When I was a little kid six or seven years old, I had a friend who lived around the corner and being an only child whose parents both worked–and like any kid– in constant search of fun and adventure, I frequently ventured over to my friend’s house every chance I could get. He had four or five older brothers and there was ALWAYS something fun happening over there.
One day, when I went over there to play, his mother and two of his brothers confronted me in an accusatory manner.
“Why did you cut up our garden hose?”
It was an odd question. “What–? What are you talking about”,” I responded.
His mother said, “But, Ricky, we SAW you do it!”
What WAS somewhat troubling is, (although I didn’t share this thought with them at the time) was that I DID have a vague image in my mind of a transparent green garden hose, all coiled up, with air bubbles circulating in an oddly- fascinating way through it. Even now, after all these years, I can easily picture that hose quite clearly in my mind. It was the same hose that we used to stream water across the red tile front porch of their house– to make it slick and slippery. Then we would slide across the porch on the water only to be saved from grievous injury by the ornate iron railings. The question haunts me still. Why would I purposely destroy something which was crucial to such fun? It didn’t make sense!
Yet there they were—staring silently at me with their accusing freckled faces, expecting an explanation, waiting for my admission of guilt or some kind of confession. Seconds passed like hours.
Thinking back on it, I do recall that when the water was turned on, little air bubbles circulated quickly, ‘round and ‘round in the coiled-up hose, for five or ten seconds before the water came out.
But I can’t believe I would have actually showed up at their house with a butcher knife in hand, and then, finding no one home, proceeded to bend down with the knife and cut up their garden hose into little green wet pieces!
Yet, I have to admit, there was something really fascinating about those air bubbles and the way they went round and round, faster and faster. Something cosmic almost, something which might unlock answers about the universe. Things a kid like me wanted to understand!
Thinking back on it now, through the decades of passing time, it occurs to me, if I HAD done such a thing, why didn’t they call my parents to report the offense?

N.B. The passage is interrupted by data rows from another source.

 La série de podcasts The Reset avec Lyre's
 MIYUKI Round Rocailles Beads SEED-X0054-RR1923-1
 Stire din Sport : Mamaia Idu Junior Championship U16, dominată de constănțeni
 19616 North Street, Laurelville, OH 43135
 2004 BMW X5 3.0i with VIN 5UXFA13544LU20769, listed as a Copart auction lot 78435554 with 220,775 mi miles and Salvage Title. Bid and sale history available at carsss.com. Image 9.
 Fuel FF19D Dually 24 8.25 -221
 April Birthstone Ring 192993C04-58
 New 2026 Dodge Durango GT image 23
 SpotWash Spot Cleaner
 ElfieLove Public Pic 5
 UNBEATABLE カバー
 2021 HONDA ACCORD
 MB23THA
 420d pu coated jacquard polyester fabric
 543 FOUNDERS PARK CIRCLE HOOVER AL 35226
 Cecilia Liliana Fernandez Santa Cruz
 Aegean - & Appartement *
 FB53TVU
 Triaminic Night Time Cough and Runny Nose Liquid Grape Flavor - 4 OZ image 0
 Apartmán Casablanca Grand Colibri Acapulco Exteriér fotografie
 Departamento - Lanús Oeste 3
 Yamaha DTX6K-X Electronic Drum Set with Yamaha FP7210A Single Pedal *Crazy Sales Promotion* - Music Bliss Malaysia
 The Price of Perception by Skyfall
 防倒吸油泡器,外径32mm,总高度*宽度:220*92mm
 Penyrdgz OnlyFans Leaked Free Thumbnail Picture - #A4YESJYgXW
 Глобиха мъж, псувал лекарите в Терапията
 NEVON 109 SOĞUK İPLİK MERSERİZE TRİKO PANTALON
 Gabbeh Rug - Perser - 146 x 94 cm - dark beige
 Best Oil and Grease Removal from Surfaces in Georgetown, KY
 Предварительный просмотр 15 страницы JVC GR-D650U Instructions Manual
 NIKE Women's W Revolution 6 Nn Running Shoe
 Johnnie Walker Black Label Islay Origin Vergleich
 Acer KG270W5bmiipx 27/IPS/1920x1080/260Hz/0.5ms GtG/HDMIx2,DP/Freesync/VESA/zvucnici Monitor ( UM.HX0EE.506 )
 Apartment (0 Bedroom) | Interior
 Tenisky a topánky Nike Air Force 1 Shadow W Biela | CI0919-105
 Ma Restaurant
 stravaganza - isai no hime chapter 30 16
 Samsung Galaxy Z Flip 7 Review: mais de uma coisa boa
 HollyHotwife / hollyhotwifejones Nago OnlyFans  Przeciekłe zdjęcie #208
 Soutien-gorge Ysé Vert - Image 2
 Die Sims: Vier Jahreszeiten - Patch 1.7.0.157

Surely that would have been a logical way to address the problem.
Yet, to my knowledge, no call was ever made.
True, I did have total free access to the drawer in our kitchen in which the knives and other cooking utensils were kept– and there was nothing stopping me from opening it and going out the back door, through our backyard, across the lane, through the neighbor’s gate, up their driveway, down the street for a hundred feet to the lawn and then getting down on my hands and knees and slowly forcing the dull blade of the knife through the soft green transparent rubber into those beautifully-moving bubbles that were trying to escape.
As I think of this, I can still almost feel the resistance at first, as I pressed down– and then, the sudden giving ‘way of the rubber, as the blade cut through to the other side– and cut into the blades of grass underneath.
If they were watching me do this, why didn’t they come running out of their house yelling , “What are you DOING?” Why remain inside looking at me through a window and say nothing until the next time I came over to their house– and then confront me– like I was some kind of juvenile delinquent?
And where was the hose I supposedly cut up now….? Where was the evidence?
Yet, why would they deliberately make up such a preposterous story?
Did I really cut up their hose– or was my friend’s mother lying? She had once told me my mother called and asked me to go home. I knew when I heard this that in the unlikely event that my mother had called (she never called me there) she would have expressed her wishes concerning my whereabouts directly to me and not a third party.
In every life, many such mysteries remain, unanswered, haunting our minds like unwelcome guests, slowly dimmed by the passage of time and amplified
by the power of imagination.

And, about which, we may never know the truth.